1. That the annual general meeting appoint the chairman of the board, Lottie Tham, Liselott Ledin (nominated by Alecta), Jan Andersson (nominated by Swedbank Robur Fonder) and Thomas Wuolikainen (nominated by Fjärde AP-fonden) as the nomination committee. This nomination committee shall take up its duties immediately. Its term of office shall continue until a new nomination committee is appointed.


2. No fees shall be paid to the members of the nomination committee. The nomination committee may charge to the company any reasonable costs for travel and investigations.

3. Unless the members of the nomination committee agree otherwise, the chairman of the nomination committee shall be the member representing the largest shareholder.

4.1. The nomination committee shall submit proposals to the 2020 annual general meeting for:
a) election of the chairman of the meeting
b) resolution on the number of board members
c) resolution on board fees for the chairman of the board and for each of the other members of the board (including work in board committees)
d) election of board members
e) election of chairman of the board
f) resolution on the number of auditors
g) resolution on fees to the auditor(s)
h) election of auditor(s)
i) election of nomination committee, or resolution on principles for the establishment of the nomination committee, as well as resolution on principles for the nomination committee.
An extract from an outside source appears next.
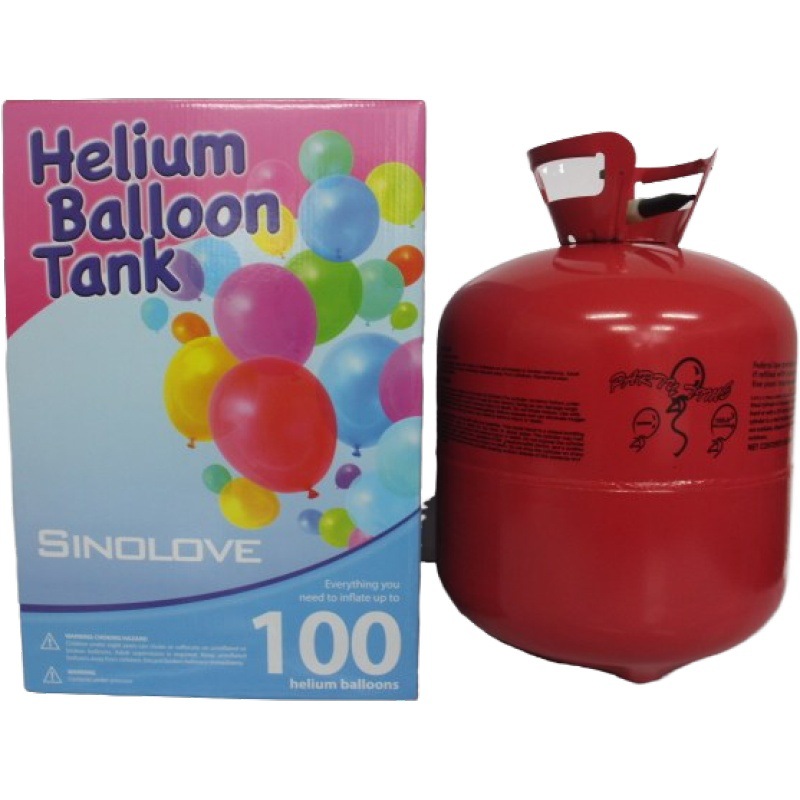 Same-day delivery medium blue helium gas bottle household high purity helium tank 100 ball helium balloon inflatable pump pure helium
4.2. In its proposal for the election of a nomination committee the nomination committee is to apply the following principle.
The nomination committee shall consist of the chairman of the board plus four others nominated by the four largest shareholders measured by voting rights, not including the shareholder that the chairman of the board may represent. The four largest shareholders measured by voting rights are to be determined based on the shareholder statistics that the company receives from Euroclear Sweden AB as of the last banking day in February in the year that the nomination committee presents its proposal. The shareholder statistics that are to be used shall be sorted by voting rights (in ownership groups) and shall include the 25 largest registered shareholders in Sweden, i.e. shareholders holding an account with Euroclear Sweden AB in their own name or shareholders holding a custody account with a manager that has given the name of the shareholder to Euroclear Sweden AB.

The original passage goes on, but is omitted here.